Jorge Potti, vice-président de la branche spatiale de l'Association espagnole de défense, sécurité, aéronautique et technologies spatiales (TEDAE) et directeur général de l'espace de la multinationale technologique espagnole GMV, a exprimé un avis similaire. Selon lui, le succès de la sonde spatiale des Emirats "est le signe de l'extraordinaire contribution scientifique et technologique offerte par le secteur et de l'intérêt croissant pour l'exploration spatiale". Cet attrait se reflète dans les nombreux milliards de dollars investis année après année par les institutions gouvernementales et les entreprises privées dans les pays qui veulent être proéminents dans le secteur spatial. D'autres pays, en revanche, se contentent d'adhérer aux initiatives proposées par d'autres.

Avec les missions vers la planète rouge et d'autres corps célestes menées par les États-Unis, la Chine, le Japon, l'Inde, Israël et l'Agence spatiale européenne (ESA), la réussite du pays du Golfe est "une incitation de plus pour l'industrie espagnole et nos autorités à continuer de parier sur un rôle de plus en plus important dans les missions d'exploration du cosmos", déclare M. Potti. 

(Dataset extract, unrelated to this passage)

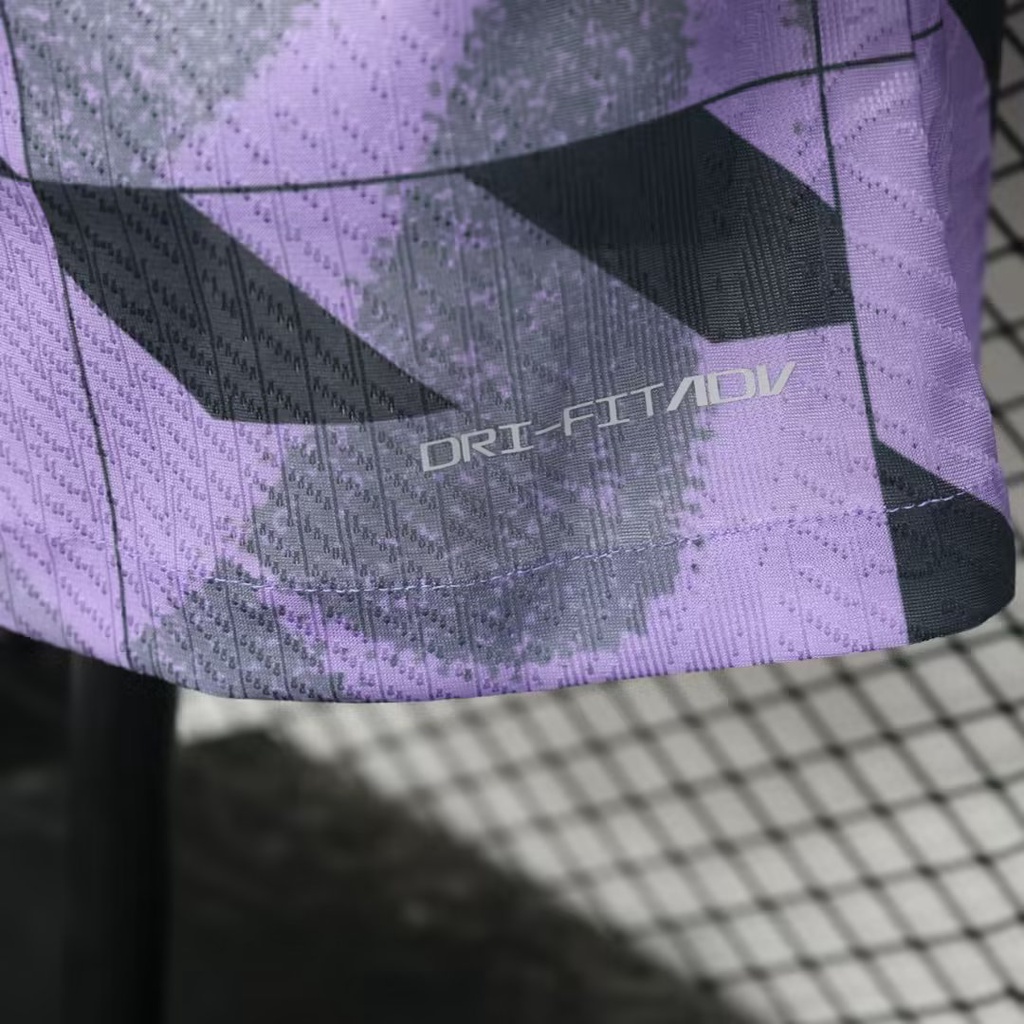 Áo Thun Bóng Đá Tay Ngắn Màu Tím Liverpool 2324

La quatrième révolution industrielle a trouvé l'Espagne, comme les trois précédentes, embourbée dans des conflits internes aux conséquences graves, ce qui rend difficile pour de nombreux hommes politiques ayant de hautes responsabilités exécutives de voir au-delà des gros titres du journal télévisé du lendemain. Il est vrai que la situation nationale délicate est aggravée par une grave crise économique qui se prolonge du fait de la COVID-19.

Mais la pandémie touche également les nations les plus développées du monde, en particulier celles qui dirigent les destinées de l'Union européenne. Cependant, leurs objectifs sont très bien définis et ils savent qu'ils doivent s'engager de manière décisive dans l'espace. D'autres nations, en revanche, suivent et empruntent un chemin long et tortueux à la recherche du Nord perdu.